» Records to process:
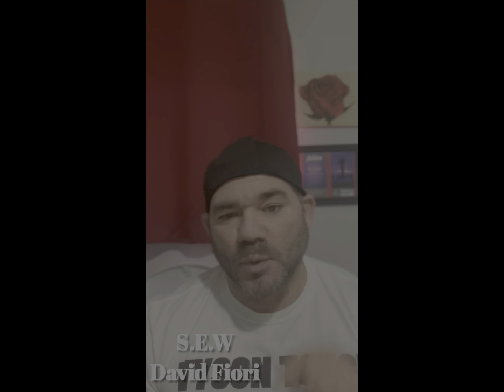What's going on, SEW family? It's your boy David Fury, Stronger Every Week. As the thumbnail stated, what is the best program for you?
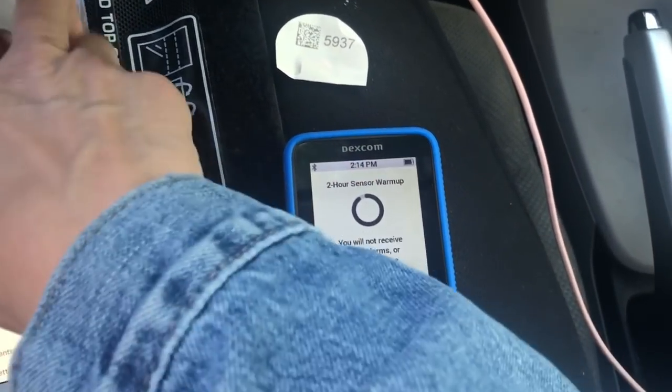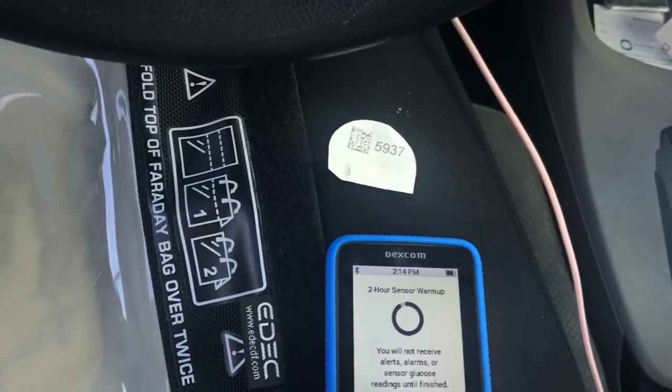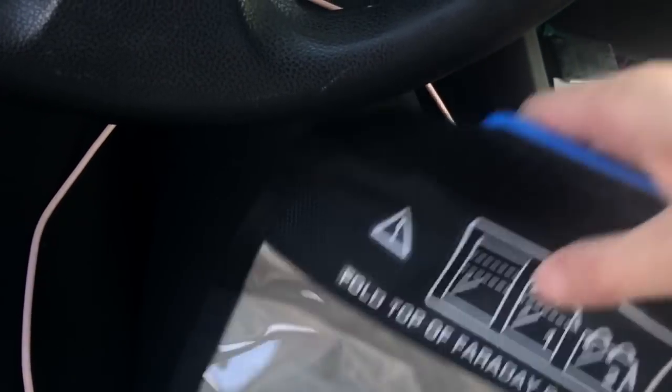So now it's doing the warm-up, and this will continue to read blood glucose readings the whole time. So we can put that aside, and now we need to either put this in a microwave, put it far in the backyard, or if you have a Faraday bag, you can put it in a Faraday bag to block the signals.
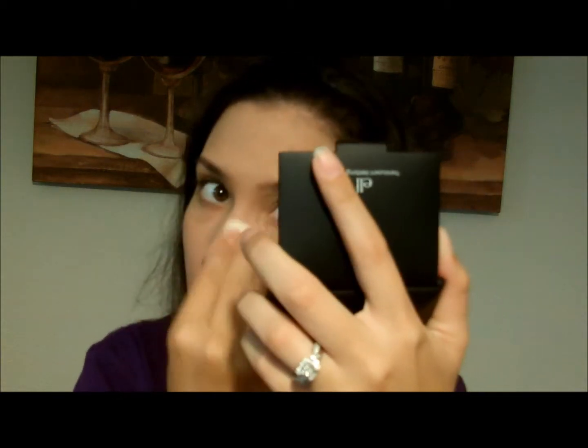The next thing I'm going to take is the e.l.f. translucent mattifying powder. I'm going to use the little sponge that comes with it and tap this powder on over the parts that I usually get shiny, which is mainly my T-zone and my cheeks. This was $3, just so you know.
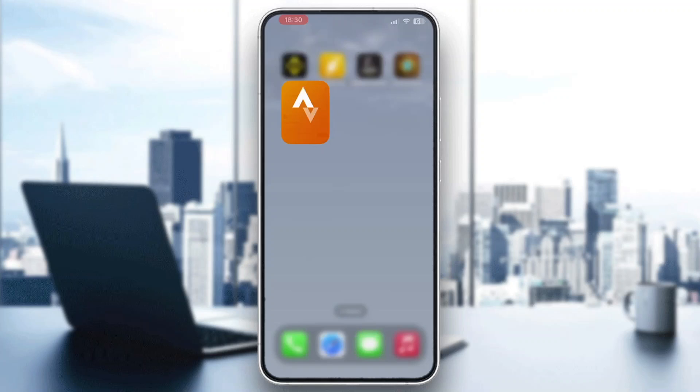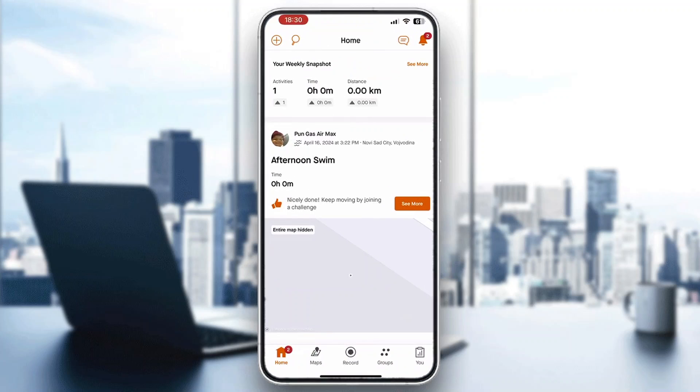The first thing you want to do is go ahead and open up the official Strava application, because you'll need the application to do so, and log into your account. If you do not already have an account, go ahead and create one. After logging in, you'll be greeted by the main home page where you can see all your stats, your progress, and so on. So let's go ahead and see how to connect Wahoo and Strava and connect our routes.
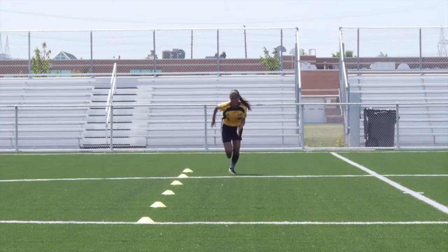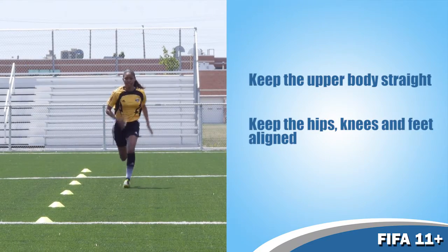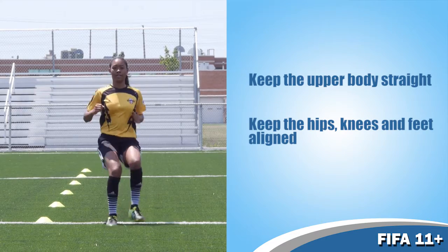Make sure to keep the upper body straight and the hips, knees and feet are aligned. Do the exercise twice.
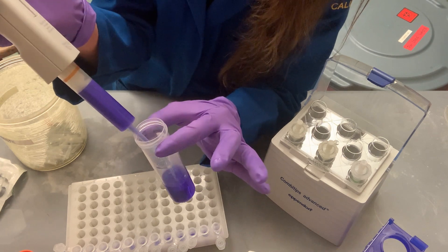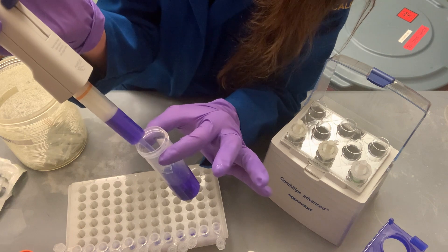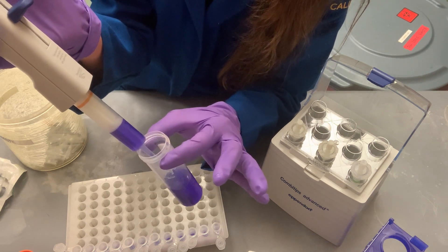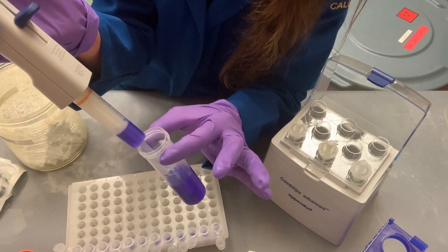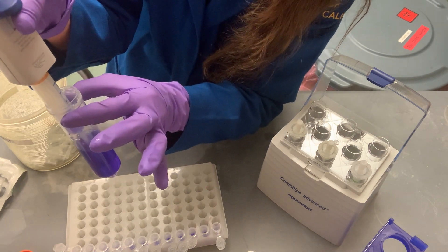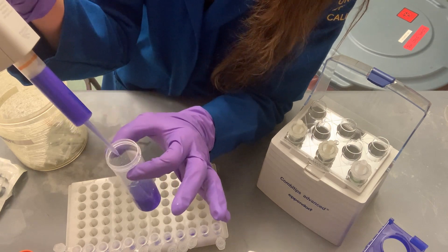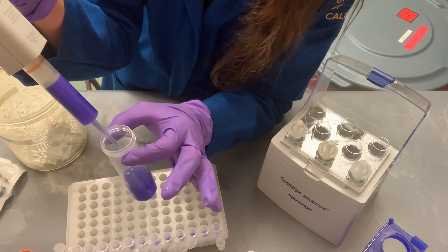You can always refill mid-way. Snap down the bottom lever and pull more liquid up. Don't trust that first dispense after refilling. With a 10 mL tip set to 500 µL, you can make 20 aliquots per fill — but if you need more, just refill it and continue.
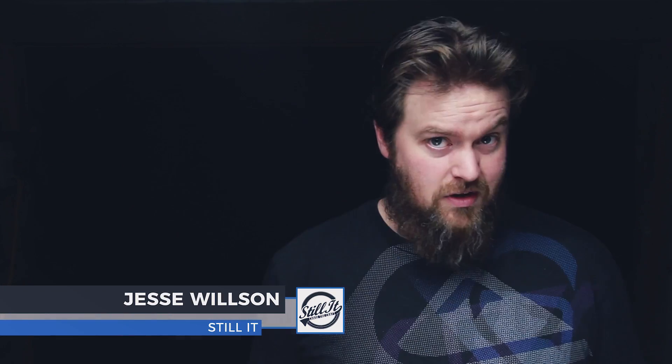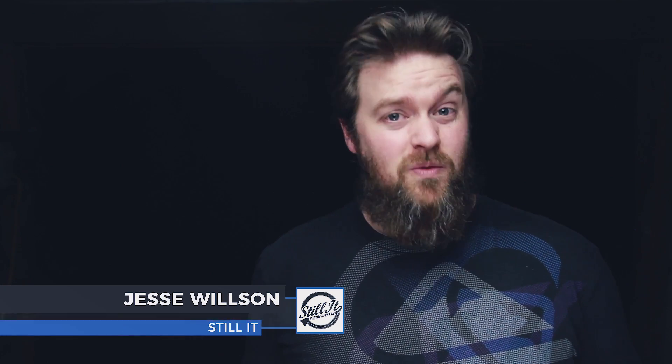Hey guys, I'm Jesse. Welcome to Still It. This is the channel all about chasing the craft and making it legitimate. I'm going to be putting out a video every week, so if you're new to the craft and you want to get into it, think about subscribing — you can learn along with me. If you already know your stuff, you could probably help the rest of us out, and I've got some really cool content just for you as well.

» Task instructions:
Write the entries above out again exactly, omitting each image.

» Exercise output:
What's going on, SEW family? It's your boy David Fury, Stronger Every Week. As the thumbnail stated, what is the best program for you?
So now it's doing the warm-up, and this will continue to read blood glucose readings the whole time. So we can put that aside, and now we need to either put this in a microwave, put it far in the backyard, or if you have a Faraday bag, you can put it in a Faraday bag to block the signals.
The next thing I'm going to take is the e.l.f. translucent mattifying powder. I'm going to use the little sponge that comes with it and tap this powder on over the parts that I usually get shiny, which is mainly my T-zone and my cheeks. This was $3, just so you know.
The first thing you want to do is go ahead and open up the official Strava application, because you'll need the application to do so, and log into your account. If you do not already have an account, go ahead and create one. After logging in, you'll be greeted by the main home page where you can see all your stats, your progress, and so on. So let's go ahead and see how to connect Wahoo and Strava and connect our routes.
Make sure to keep the upper body straight and the hips, knees and feet are aligned. Do the exercise twice.
You can always refill mid-way. Snap down the bottom lever and pull more liquid up. Don't trust that first dispense after refilling. With a 10 mL tip set to 500 µL, you can make 20 aliquots per fill — but if you need more, just refill it and continue.
Hey guys, I'm Jesse. Welcome to Still It. This is the channel all about chasing the craft and making it legitimate. I'm going to be putting out a video every week, so if you're new to the craft and you want to get into it, think about subscribing — you can learn along with me. If you already know your stuff, you could probably help the rest of us out, and I've got some really cool content just for you as well.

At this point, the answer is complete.